Literature DB >> 8573092

Inhibition of human pancreatic proteinases by mucus proteinase inhibitor, eglin c and aprotinin.

D Belorgey1, S Dirrig, M Amouric, C Figarella, J G Bieth.   

Abstract

The kinetic investigation of the inhibition of human pancreatic trypsin 1, trypsin 2 and chymotrypsin A by mucus proteinase inhibitor, eglin c and aprotinin reveals that (i) the first protein is a potent inhibitor of chymotrypsin A (kass. = 1.4 x 10(6) M-1.s-1, Ki = 71 pM) but forms loose complexes with trypsin 1 (Ki = 0.5 microM) and trypsin 2 (Ki = 18 nM), (ii) eglin c does not inhibit the two trypsins but forms a tight complex with chymotrypsin A (kass. = 3.3 x 10(6) M-1.s-1, Ki < 0.1 nM) and (iii) aprotinin is a potent inhibitor of trypsin 1 (kass. = 1 x 10(6) M-1.s-1, Ki < 0.2 nM) and trypsin 2 (kass. = 2.4 x 10(5) M-1.s-1, Ki < 1 nM) but forms a loose complex with chymotrypsin A (Ki = 0.17 microM). These data, together with those published previously on human pancreatic elastase, suggest that a cocktail of aprotinin + eglin c might be a better intensive-care drug for acute pancreatitis than aprotinin alone, because it will efficiently inhibit all four human pancreatic proteinases.
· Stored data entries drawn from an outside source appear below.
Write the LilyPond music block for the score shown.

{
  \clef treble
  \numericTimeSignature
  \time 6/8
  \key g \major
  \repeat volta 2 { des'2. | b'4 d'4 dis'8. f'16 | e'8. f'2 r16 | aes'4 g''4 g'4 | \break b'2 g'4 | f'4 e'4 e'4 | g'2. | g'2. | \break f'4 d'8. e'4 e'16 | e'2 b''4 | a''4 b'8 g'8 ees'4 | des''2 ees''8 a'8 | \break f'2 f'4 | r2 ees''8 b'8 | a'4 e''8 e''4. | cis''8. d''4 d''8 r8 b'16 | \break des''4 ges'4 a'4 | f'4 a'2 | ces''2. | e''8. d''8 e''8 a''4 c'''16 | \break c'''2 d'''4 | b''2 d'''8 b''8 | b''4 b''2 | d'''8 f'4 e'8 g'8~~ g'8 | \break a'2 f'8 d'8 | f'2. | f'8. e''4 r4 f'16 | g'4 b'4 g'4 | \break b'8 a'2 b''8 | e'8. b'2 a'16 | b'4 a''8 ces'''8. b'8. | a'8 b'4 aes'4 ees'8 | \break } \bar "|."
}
On the other hand, human gastric juice inactivates mucus proteinase inhibitor by pepsin-mediated cleavage. This indicates that the fraction of mucus proteinase inhibitor that reaches the stomach following aerosol delivery to cystic fibrosis patients does not reach the duodenum in an active form and, therefore, does not aggravate the pancreatic insufficiency of these patients.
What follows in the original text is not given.